Expectations for rising mortgage interest costs predicted by the Office for Budget Responsibility (OBR) were buried in the Budget documents. They show that the OBR expects mortgage interest costs to start rising next year before reaching an average 13 per cent increase in 2023.
The forecast runs alongside the OBR’s projection that inflation will peak at 4.4 per cent in Q2 2022 before falling back towards the government target of two per cent throughout 2023.
The OBR’s forecast shows that following a fall in interest costs for most of this year they will begin to gradually rise in the first half of 2022 before speeding up in quarter three, rising 7.4 per cent before hitting 11.4 per cent by the end of the year. An average rise of five per cent in mortgage costs is anticipated for the year.
By quarter two of 2023, the OBR predicts mortgage cost rises will peak at 14.8 per cent before beginning to fall to 10 per cent in Q4.
Annual rise could exceed £1,000
Analysis by investment platform AJ Bell shows the impact on borrowers’ mortgage costs.
Based on the current average fixed rate of 2.06 per cent, a borrower with a mortgage of £250,000 who fixed earlier this year and renewed in 2023 would see £600 a year added to their mortgage costs. Meanwhile someone with £450,000 of borrowing would see their costs hike by £1,068 a year.
A homeowner on the current average variable rate deal of 2.4 per cent with a £250,000 mortgage would see their annual costs increase by £696 by 2023 and those with £450,000 of borrowing will see their costs rise by £1,260 a year.
According to AJ Bell, a basic-rate taxpayer would need to an annual gross pay rise of £2,000 to meet the £1,260 increase in their mortgage bill.
Laura Suter, head of personal finance at AJ Bell, said: “The OBR has issued a stark warning to homeowners: be prepared for soaring mortgage costs in the next few years.
“Rising mortgage costs will come on the back of increasing interest rates from the Bank of England.
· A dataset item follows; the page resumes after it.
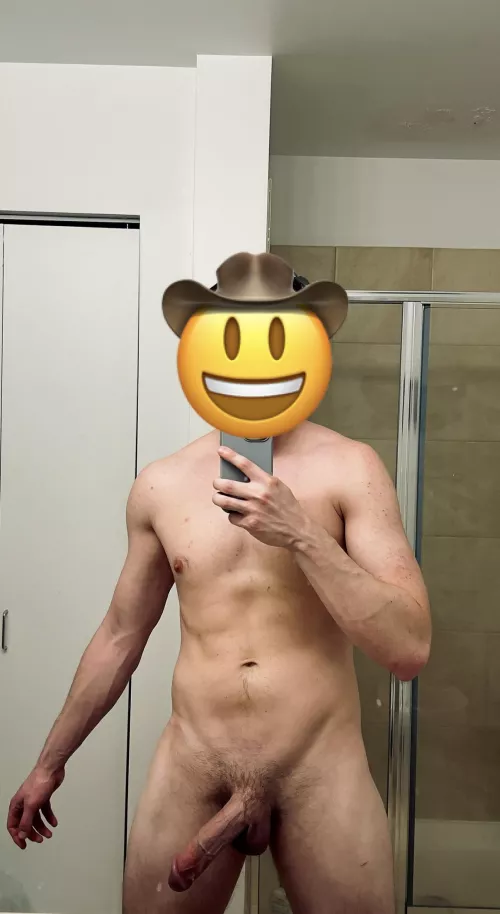 Fucking is on my mind all day, I’m a big bull built to make your legs shake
Homeowners need to be aware that it’s a case of if, not when, for an interest rate rise now and the clock is ticking on the record low mortgage rates we’ve all become accustomed to.”
“Homeowners on a fixed-rate deal now could face much higher rates when they come to remortgage in the coming years,” added Suter. “Anyone who signed up to a two-year fixed rate deal earlier this year, nabbing a record low rate, will face a stark rise when they come to remortgage in the first half of 2023.”
The equity release sector is also concerned about how rising mortgage costs will affect older homeowners’ opportunity to switch deals.
Stuart Powell, managing director, Ocean Mortgages, said: “Equity release rates have already started the upward shift. Six months ago the best interest rate available was 2.24 per cent, today there are no rates under three per cent AER. Over the last month there has hardly been a day go by where a lender has not increased their interest rates.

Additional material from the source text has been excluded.